昭和37年11月24日、平沢は東京拘置所を出ることになる。

彼が向うのは、死刑台がある仙台刑務所なのか…?

人間に人間を裁くことはできるのか?

人間は、真実を追い求めながら、真実を捕まえたことがあるのか…?

 

▼▼▼▼▼個人的なコメントはここから下です。▼▼▼▼▼

戦後の混乱期に起こった有名な「帝銀事件」を再現したドキュメンタリータッチの社会派作品。

事件の異様さもさる事ながら、人が人を裁く裁判の難しさも考えさせる作品になっている。

この作品では、平沢を黒だとも白だとも、言い切っていない。

あくまで、不可解な事が多く、当時の科学調査力や裁判制度など不備な点があったとは言え、結局分からない…という風に、正直に描いてある。

事件記者たちの熱気溢れる描写のリアルさの中に、ちょっとしたロマンスも織り込んであったりと、ドラマとしても単調にならないように工夫されている。

記者に扮する藤岡重慶、井上昭文、庄司永建、刑事役の高品格などは、全員、後に「西部警察」のレギュラーになっている人たちばかり。
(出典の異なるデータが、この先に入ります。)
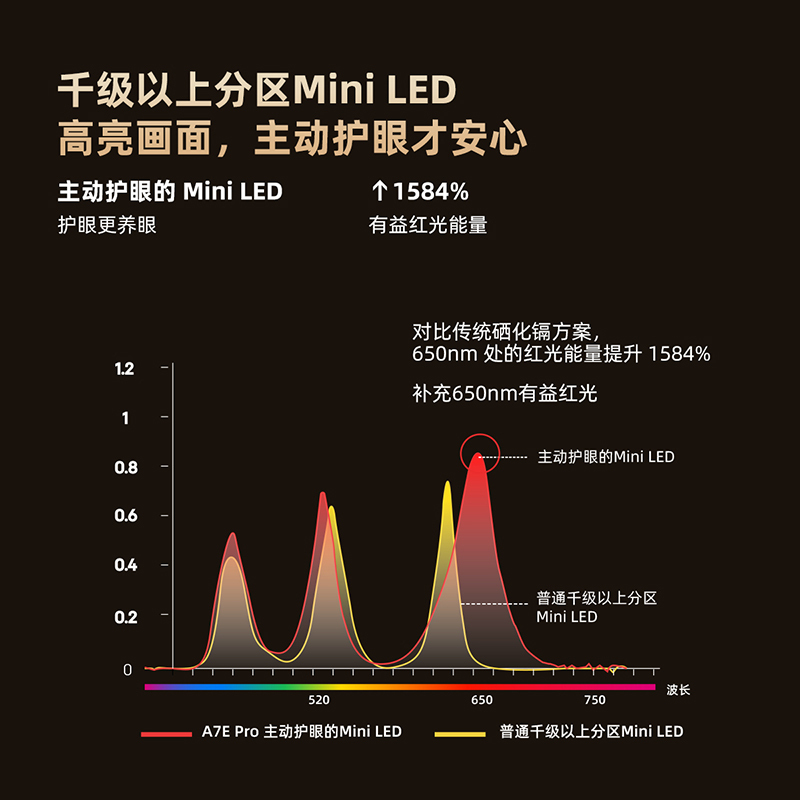 创维壁纸电视85A7E Pro 85英寸电视机 DeepSeek mini led 哑光屏显 主动护眼 政府补贴以旧换新高清大图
やや冷たい印象がある検事を演ずる草薙幸二郎も捨て難いが、事件の生存者になるヒロイン役の笹森礼子も、大きな瞳が美しく印象的である。

その笹森礼子と同じく、生き残ったもう一人の女子工員を演じているのは、若い頃の山本陽子だと思う。

なお、冒頭の事件の再現ドラマの部分、犯人役の役者は、始終、後ろ姿で、その顔を画面に現すことはないが、声を演じているのは加藤嘉ではないかと思われる。